A cross-sectional survey was carried out during April to July 2018 in Liaoning Province, China. Multi-stage stratified sampling method was adopted. Firstly, the province was geographically divided into five regions: eastern, western, southern, northern and central regions. Then, two tertiary hospitals were randomly sampled in each region. In China, the tertiary hospital is the highest level of general hospital and possesses more than 500 beds. In total, ten tertiary hospitals were sampled. The minimum sample size was calculated using the formula: n = (Zα/2)2P(1-P)/δ2. In the formula, α = 0.05, Zα/2 = 1.96. P is the estimated prevalence of fatigue symptoms in nurses, which is estimated according to the results of previous studies and trial test.
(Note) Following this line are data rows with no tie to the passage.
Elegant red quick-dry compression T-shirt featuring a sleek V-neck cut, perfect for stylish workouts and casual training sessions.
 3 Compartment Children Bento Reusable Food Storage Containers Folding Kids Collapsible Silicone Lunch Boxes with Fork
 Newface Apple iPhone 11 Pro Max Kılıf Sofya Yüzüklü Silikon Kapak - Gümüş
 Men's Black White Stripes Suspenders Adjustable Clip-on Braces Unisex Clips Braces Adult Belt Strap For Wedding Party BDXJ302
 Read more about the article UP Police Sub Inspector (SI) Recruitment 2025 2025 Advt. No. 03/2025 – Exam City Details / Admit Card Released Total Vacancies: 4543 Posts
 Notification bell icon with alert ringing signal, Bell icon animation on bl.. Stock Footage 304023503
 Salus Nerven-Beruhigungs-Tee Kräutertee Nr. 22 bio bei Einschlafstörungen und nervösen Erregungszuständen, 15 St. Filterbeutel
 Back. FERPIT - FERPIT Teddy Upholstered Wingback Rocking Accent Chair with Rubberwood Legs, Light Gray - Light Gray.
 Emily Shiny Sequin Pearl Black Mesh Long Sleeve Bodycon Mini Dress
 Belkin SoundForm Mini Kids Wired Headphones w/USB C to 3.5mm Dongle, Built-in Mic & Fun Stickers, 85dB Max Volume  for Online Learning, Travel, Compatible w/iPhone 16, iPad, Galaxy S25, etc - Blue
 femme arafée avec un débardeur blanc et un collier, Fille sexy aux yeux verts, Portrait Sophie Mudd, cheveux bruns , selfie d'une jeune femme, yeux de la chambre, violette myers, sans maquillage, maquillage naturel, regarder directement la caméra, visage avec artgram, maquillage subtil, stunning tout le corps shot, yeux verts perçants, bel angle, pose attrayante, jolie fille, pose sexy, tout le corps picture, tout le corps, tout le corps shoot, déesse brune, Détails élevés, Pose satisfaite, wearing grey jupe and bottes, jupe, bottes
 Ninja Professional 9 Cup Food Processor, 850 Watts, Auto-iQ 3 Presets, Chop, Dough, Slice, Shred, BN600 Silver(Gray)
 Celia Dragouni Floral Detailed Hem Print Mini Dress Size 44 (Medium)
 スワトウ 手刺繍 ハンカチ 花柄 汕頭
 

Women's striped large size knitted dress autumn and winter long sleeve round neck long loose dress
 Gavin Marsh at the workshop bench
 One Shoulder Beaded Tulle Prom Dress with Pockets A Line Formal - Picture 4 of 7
In this study, P = 0.25. δ is tolerable error, and δ = 0.04 in this study. The design effect (deff) of the study was 2. Thus, we identified 900 as the minimum sample size for this study. During the calculation, the response rate was estimated to be 0.80. Finally, 1120 nurses with a length of service ≥1 year were sampled from different departments in these selected hospitals. Thus, 112 nurses were equally and randomly chosen from each selected hospital. Given the differences in the size and number of departments among these selected hospitals, the departments of the participants were divided into several categories: internal medicine, surgery, obstetrics and gynecology, pediatrics, and others. In this study, the nurses were not equally chosen from each department. Random number table method was used to complete random sampling. Participants were asked to complete a set of self-administered questionnaires after their scheduled shifts in a private place. There was no interference in the process, and it took about 10 minutes for the participants to complete the questionnaires. Questionnaires with missing data for any item were excluded from the final analysis. In this study, 996 (88.9%) effective responses were obtained. The study was conducted in accordance with the Declaration of Helsinki, and the protocol was approved by the Committee on Human Experimentation of China Medical University. All of the participants voluntarily and anonymously completed the survey, and their written informed consents were obtained.

Measurements

The level of fatigue was assessed using the Chinese version of the Chalder Fatigue Scale (CFS).36 The CFS has 14 items under two dimensions: physical fatigue (8 items) and mental fatigue (6 items). A dichotomized response is designed for each item: 0 (no symptom) and 1 (have symptom). The summed score of the CFS ranges from 0 to14. The severity of fatigue increases with the increase of the CFS score. The CFS has been used among Chinese medical personnel.27,37,38 The Cronbach’s α coefficient of the CFS was 0.86 in this study.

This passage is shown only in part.